He said: "Goodbye, my love."

Then, delaying no longer, he shovelled in soil. It was not so bad once the last trace of white had gone.

The Bird glided down to fold its wings in front of the house, and Martin unclipped his harness and stepped out. Today he was in everyday dress, a blue and white tunic suit. Starmer did not go out to greet him. Martin pulled the rope which jangled the visitor's bell and since no sign forbade entry came inside.

He asked: "How are you, Michael?"

"I'm all right."

"You didn't call me."

''No."

"So I thought I'd come and see you." He was smiling; Starmer said nothing. "I was wondering what you were planning to do."

"I'm not sure yet."

"I recommend a holiday."

"Yes."

"And preferably not a solitary one." Starmer again made no response. "You need people."

"Do I?"

"Look in that mirror. Four days, and you haven't shaved. I don't think you've washed, have you? Or eaten anything but scraps."

He stayed silent. Martin said:

"Do you mind if I sit down? And pour myself a drink?''

"No, I don't mind."

"One for you?"

"For therapeutic reasons?"

Martin laughed. "If a reason's needed." He poured stiff whiskies for both of them. Sipping, he said:

"Peatier than I'm used to, but I like it. How many bottles have you got through in those four days?"

"I haven't counted. Is it important?"

"No. Your one sensible reaction, in fact. But you would have done better to let friends drink with you."

Starmer made a small gesture of rejection; he was still standing by the window. Martin eased back into the chair, which flattened under him.

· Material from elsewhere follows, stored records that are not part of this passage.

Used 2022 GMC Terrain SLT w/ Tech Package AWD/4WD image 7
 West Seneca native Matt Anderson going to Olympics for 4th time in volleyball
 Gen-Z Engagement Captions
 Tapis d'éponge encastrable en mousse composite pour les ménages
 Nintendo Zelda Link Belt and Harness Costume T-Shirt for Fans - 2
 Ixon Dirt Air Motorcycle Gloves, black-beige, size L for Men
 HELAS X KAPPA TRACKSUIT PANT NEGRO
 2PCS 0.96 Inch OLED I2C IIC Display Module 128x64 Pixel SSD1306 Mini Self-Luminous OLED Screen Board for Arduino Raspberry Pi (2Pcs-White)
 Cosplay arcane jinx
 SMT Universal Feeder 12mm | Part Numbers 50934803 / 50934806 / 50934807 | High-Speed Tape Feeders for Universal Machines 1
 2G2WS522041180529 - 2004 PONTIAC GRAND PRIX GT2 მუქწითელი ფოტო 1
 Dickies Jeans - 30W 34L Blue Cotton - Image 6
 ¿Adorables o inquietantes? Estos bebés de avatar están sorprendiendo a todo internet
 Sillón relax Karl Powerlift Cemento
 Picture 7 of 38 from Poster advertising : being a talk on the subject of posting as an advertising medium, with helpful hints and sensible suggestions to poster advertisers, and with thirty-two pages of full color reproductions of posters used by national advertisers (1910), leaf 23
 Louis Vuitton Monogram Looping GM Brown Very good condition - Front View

"Barricading yourself with isolation can only make things worse. You need people, as I say. Trite, but true. Everyone does in bereavement, but you more than most. I see your sphere has been disconnected."

"People called me. There was nothing I wanted to say. Or could say."

"Some got through to me, as your Counsellor. I thanked them and made excuses for you."

"Good of you."

"She was much loved."

"Yes. By me, also."

"And you yourself have many friends who would like to help. One or two surprised me. I didn't know you knew Leoni."

"We were at university together."

"A great man. The finest of the authenticators. His Roman Triumph last year... magnificent."

Starmer nodded. "He's very talented."

"And, it seems, fond of you. He wants you to stay with him, in Sicily. I think you should go. It will do you good."

"I'll give it thought."

There was a pause before Martin said: "I couldn't help noticing the garden as I flew in. You've had a pretty good shot at destroying it."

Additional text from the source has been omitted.